Problem requirements: The reply is to be the lines from the one with "Chủ tịch UBND" through the last line of the records below, each retyped exactly, with pictures left out.

[Data shown — start]

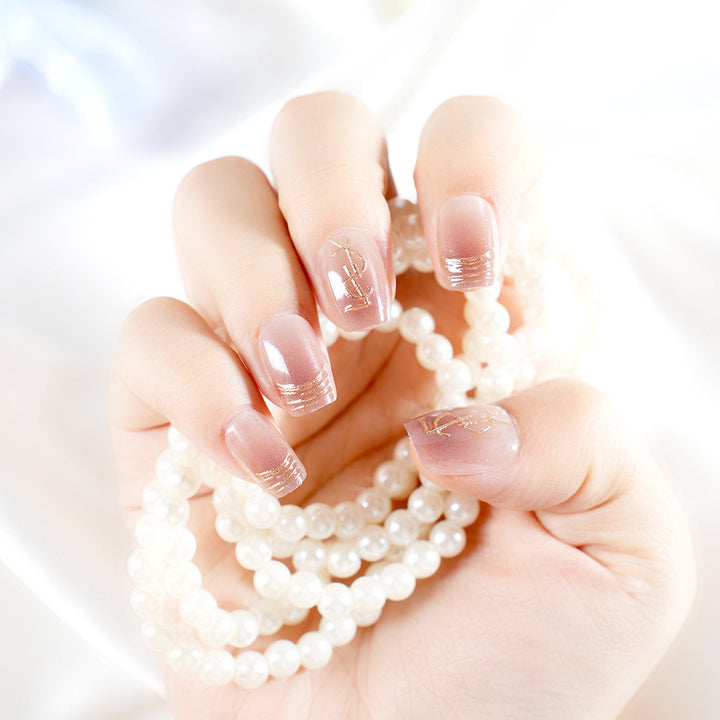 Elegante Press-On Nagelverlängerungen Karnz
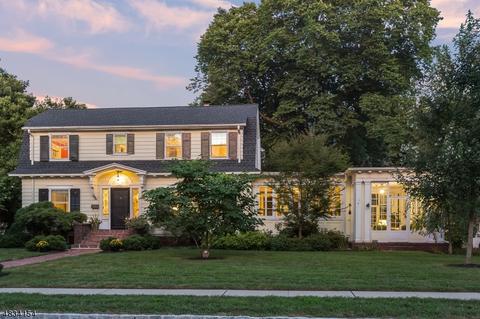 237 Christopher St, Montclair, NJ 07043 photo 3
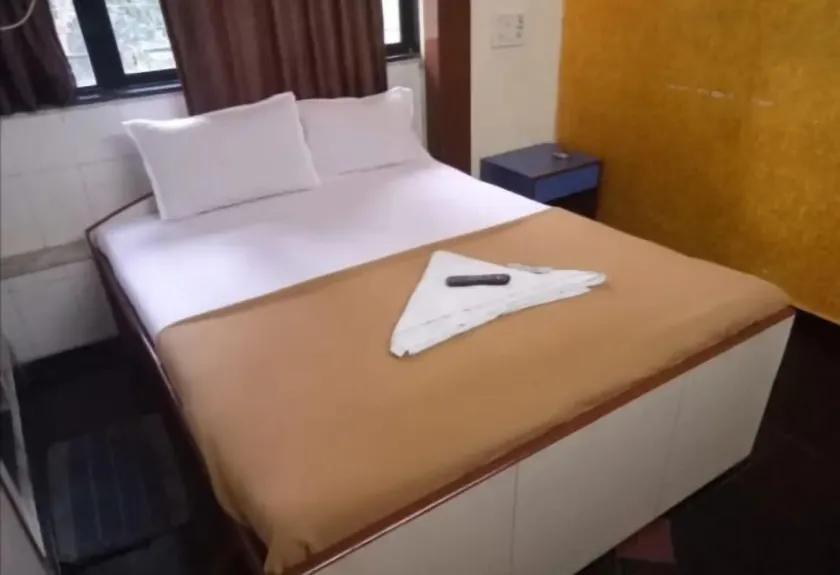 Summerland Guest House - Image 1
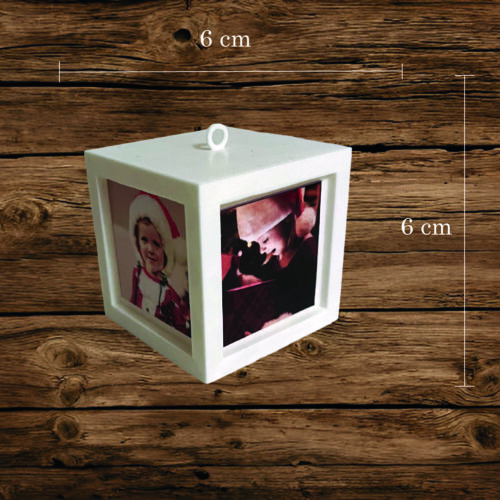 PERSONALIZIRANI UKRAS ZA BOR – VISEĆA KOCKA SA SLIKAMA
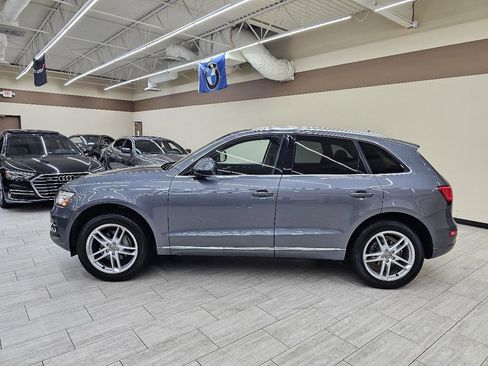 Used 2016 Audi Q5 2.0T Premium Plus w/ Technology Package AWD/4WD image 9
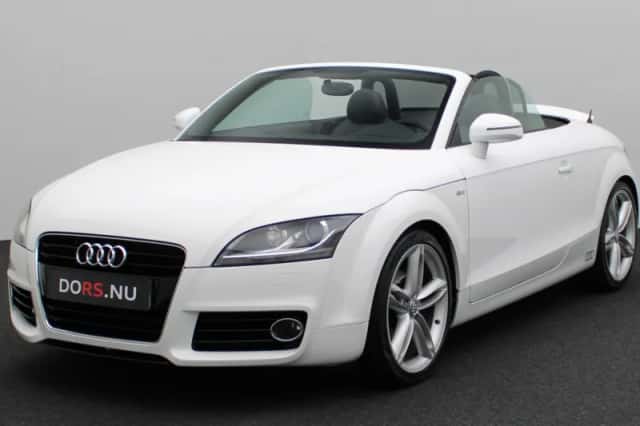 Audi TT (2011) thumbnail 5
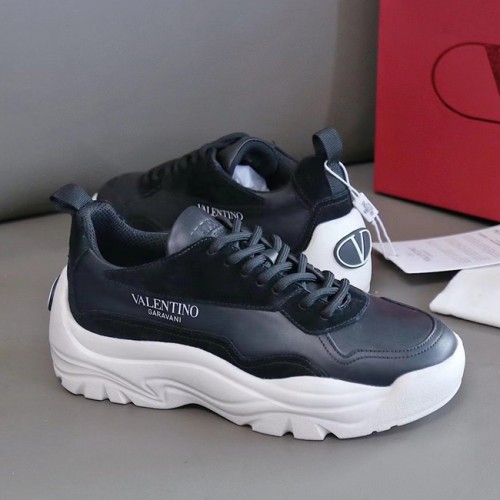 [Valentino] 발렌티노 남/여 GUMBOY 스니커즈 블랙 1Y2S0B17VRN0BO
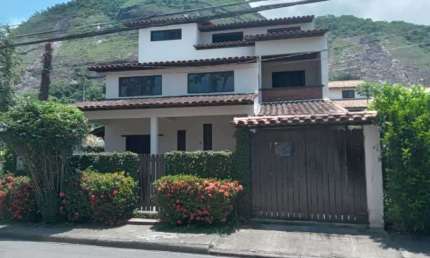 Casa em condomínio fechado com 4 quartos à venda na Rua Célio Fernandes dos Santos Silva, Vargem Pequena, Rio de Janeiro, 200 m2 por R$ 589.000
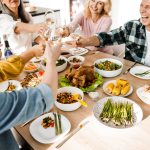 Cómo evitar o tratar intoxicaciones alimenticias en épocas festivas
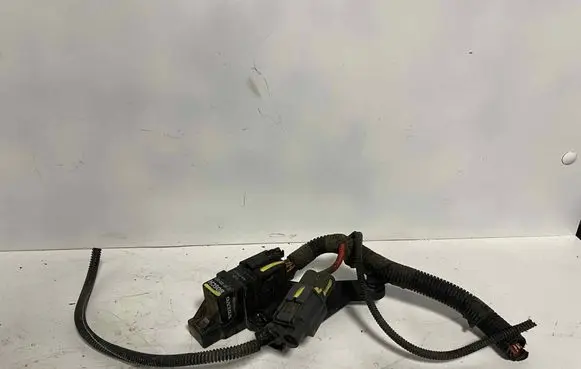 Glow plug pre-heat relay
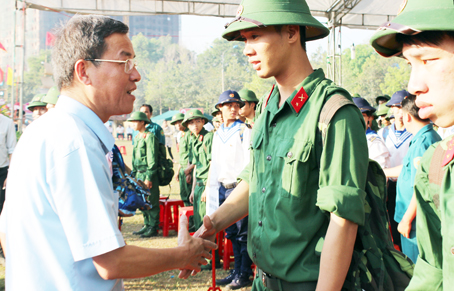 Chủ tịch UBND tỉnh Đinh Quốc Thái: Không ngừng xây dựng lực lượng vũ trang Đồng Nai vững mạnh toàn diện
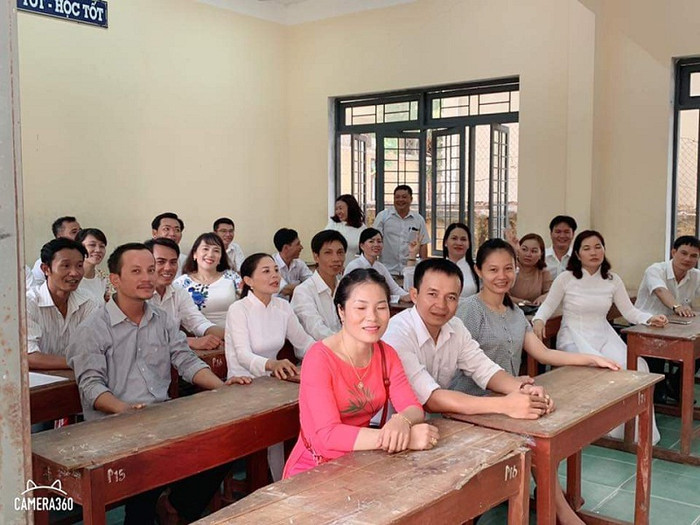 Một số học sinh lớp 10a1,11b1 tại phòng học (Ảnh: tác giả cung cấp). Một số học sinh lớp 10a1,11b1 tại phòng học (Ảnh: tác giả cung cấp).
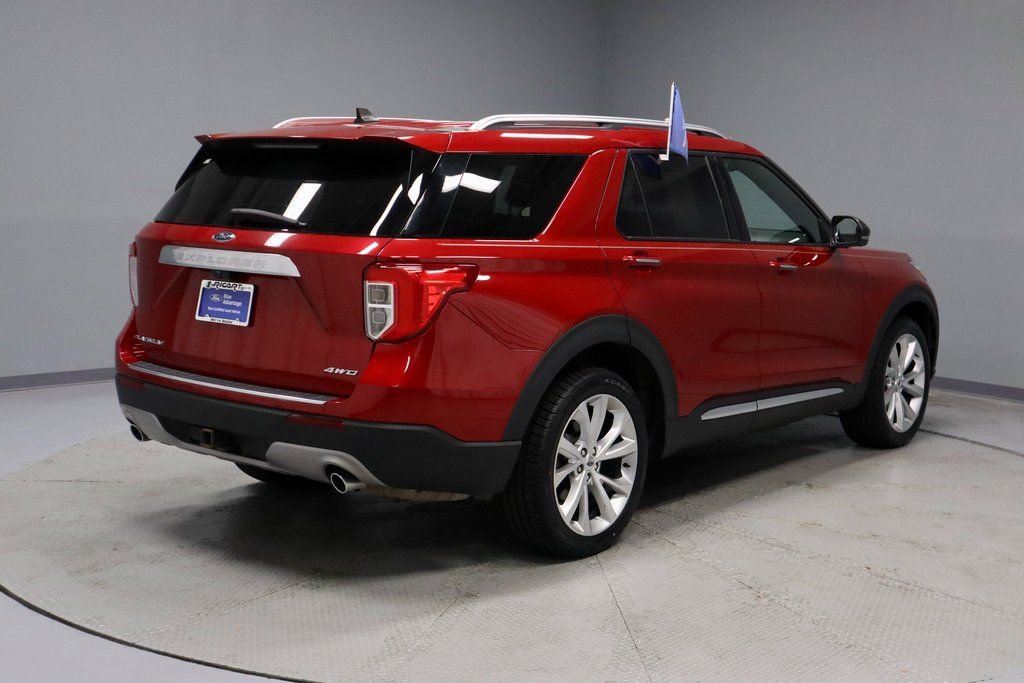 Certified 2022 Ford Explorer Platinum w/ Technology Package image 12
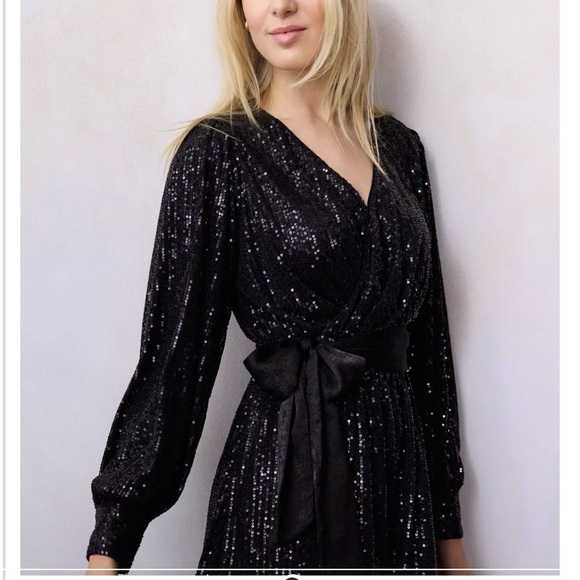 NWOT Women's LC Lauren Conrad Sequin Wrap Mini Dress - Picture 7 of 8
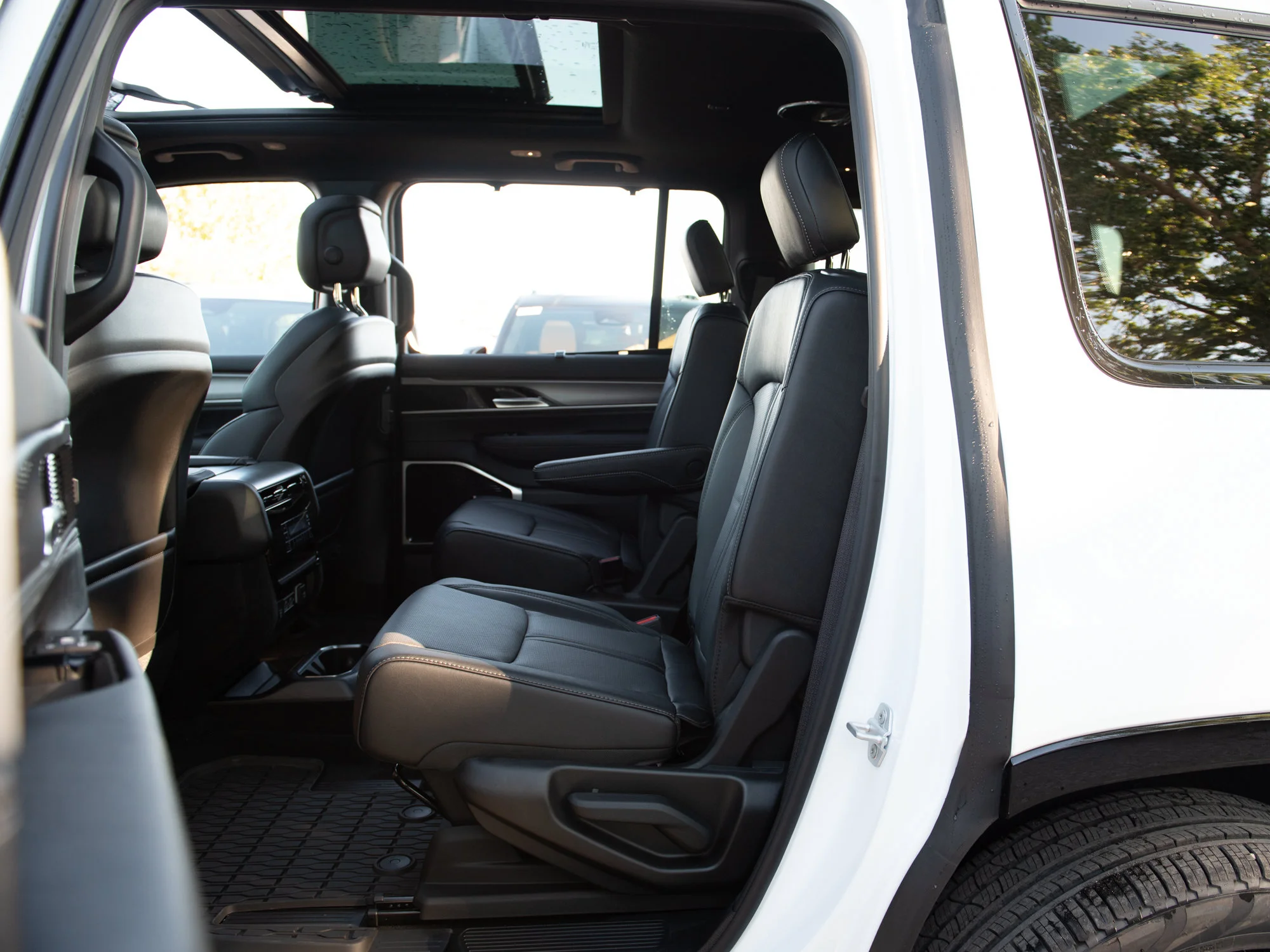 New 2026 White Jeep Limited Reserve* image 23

[Data shown — finish]

Reply:
 Chủ tịch UBND tỉnh Đinh Quốc Thái: Không ngừng xây dựng lực lượng vũ trang Đồng Nai vững mạnh toàn diện
 Một số học sinh lớp 10a1,11b1 tại phòng học (Ảnh: tác giả cung cấp). Một số học sinh lớp 10a1,11b1 tại phòng học (Ảnh: tác giả cung cấp).
 Certified 2022 Ford Explorer Platinum w/ Technology Package image 12
 NWOT Women's LC Lauren Conrad Sequin Wrap Mini Dress - Picture 7 of 8
 New 2026 White Jeep Limited Reserve* image 23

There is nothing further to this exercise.